YOUR SOLIN GENERATED RECIPE
Grilled Chicken Salad with Mixed Vegetables and Yogurt Dressing
Grilled chicken breast served over a bed of crisp garden greens and seasonal vegetables, finished with a creamy, herb-flecked yogurt dressing.
INGREDIENTS
2.3 oz Grilled Chicken Breast
2 tbsp Non-fat Greek Yogurt
1 large Hard-boiled Egg
2 cups Mixed Greens
1/2 cup Sliced Cucumber
1/4 cup Cherry Tomatoes
1 slice Sourdough Bread
0.5 tsp Olive Oil
PREPARATION
Season the chicken breast with a pinch of salt and pepper.
Lightly coat a grill pan with olive oil and cook the chicken over medium-high heat until the internal temperature reaches 165°F.
While the chicken cooks, place the egg in a small pot of water, bring to a boil, then cover and let sit for 9 minutes before cooling in ice water.

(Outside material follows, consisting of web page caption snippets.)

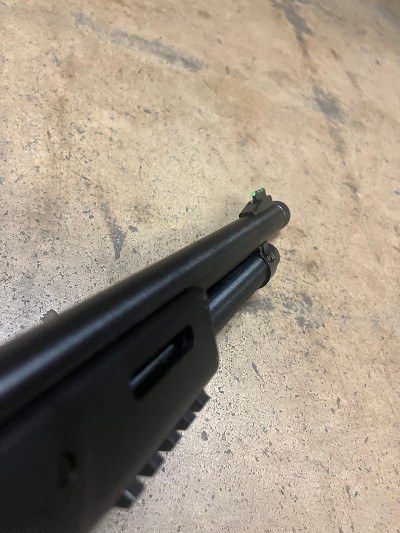 HENRY BIG BOY X MODEL .38 SPECIAL/.357 MAGNUM - Image 15 of 15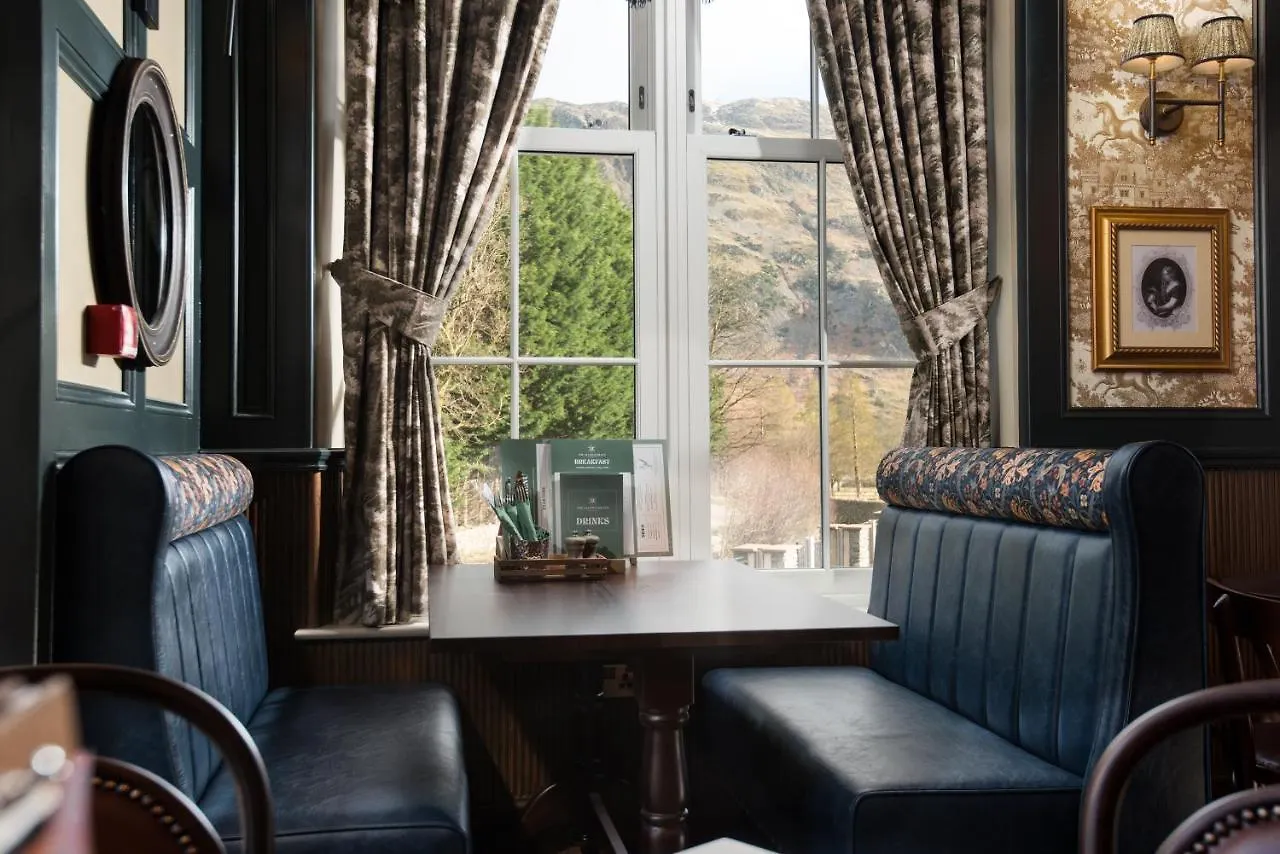 The Ullswater Inn- The Collection Group Inn Glenridding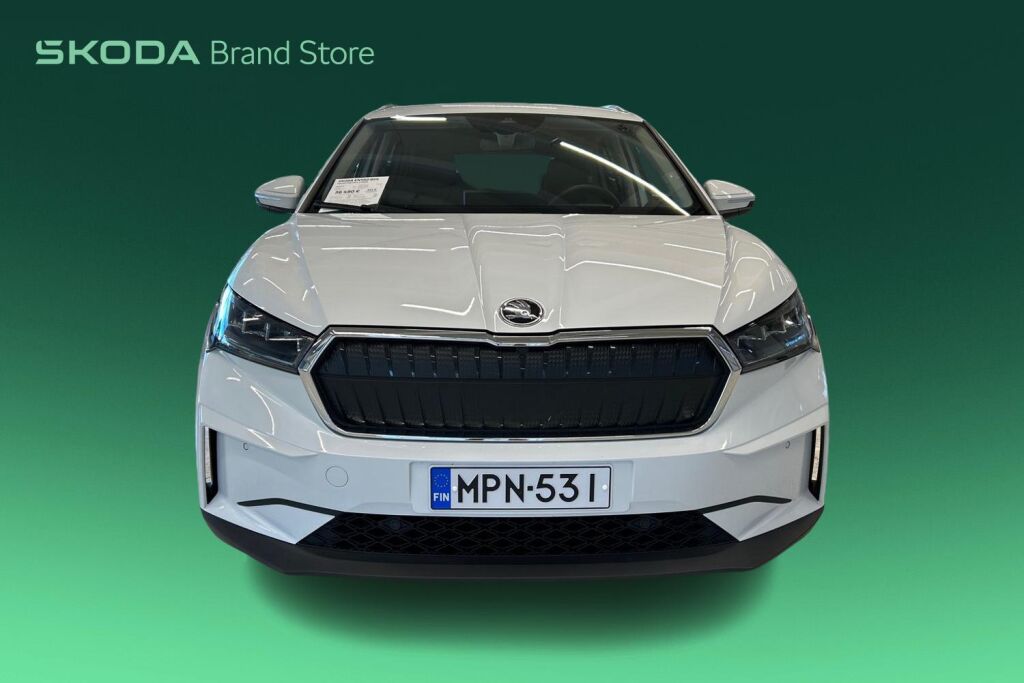 SKODA Enyaq 2023 80x 4x4 iV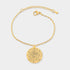 Bracelet StarMap gold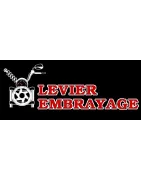 Levier embrayage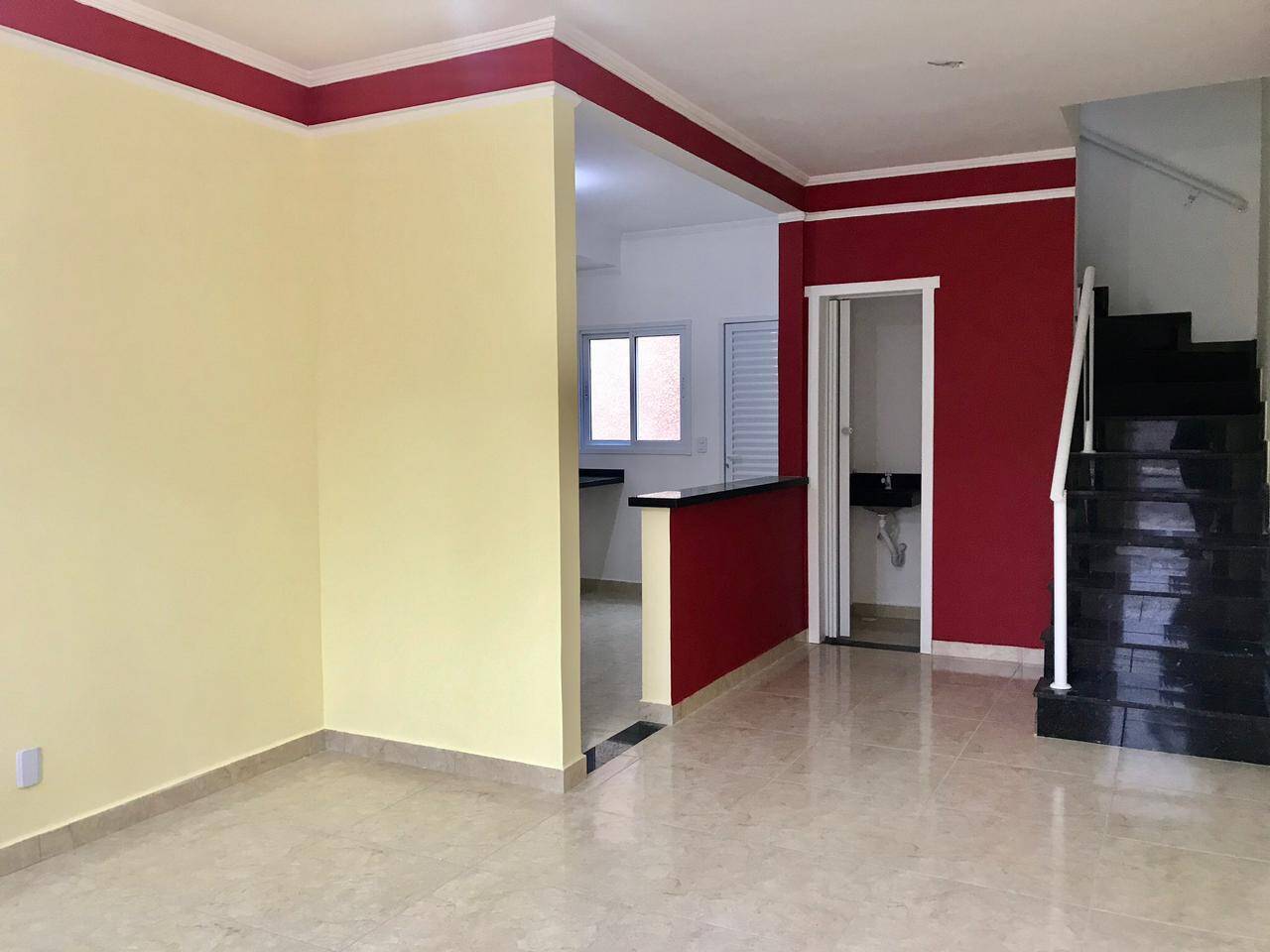 Sobrado, 2 quartos, 74 m² - Foto 6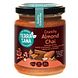 TerraSana Crunchy Almond Chai Amandelpasta 250GR TerraSana Crunchy Almond Chai Amandelpasta 250GR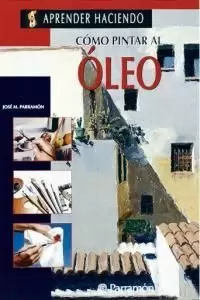 COMO PINTAR AL OLEO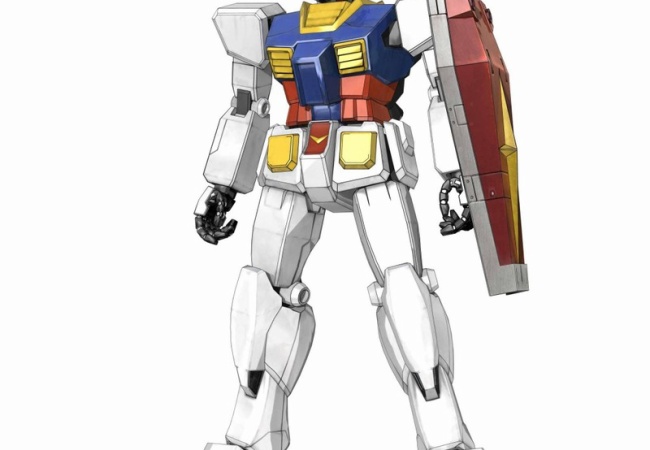 ガンダムマニアが決める最弱ガンダムランキングトップ10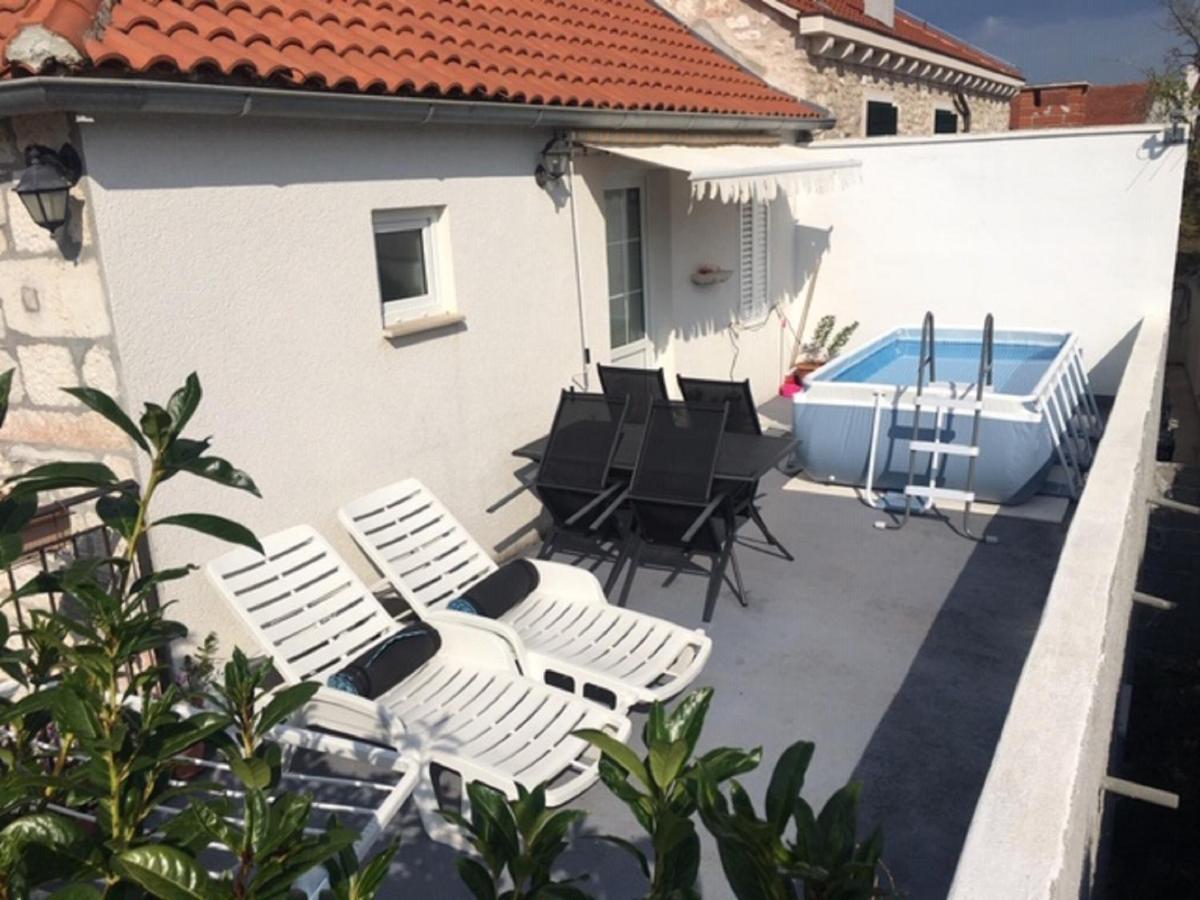 Apartment Glavica Супетар Екстериор снимка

Whisk together the Greek yogurt, a squeeze of lemon juice, and chopped fresh herbs to create the dressing.
Chop the cucumber and cherry tomatoes, then toss them with the mixed greens in a large bowl.
Slice the grilled chicken and peel the hard-boiled egg.
Toast the sourdough bread until golden brown.
Top the salad with the chicken and egg, drizzle with the yogurt dressing, and serve with the toasted sourdough on the side.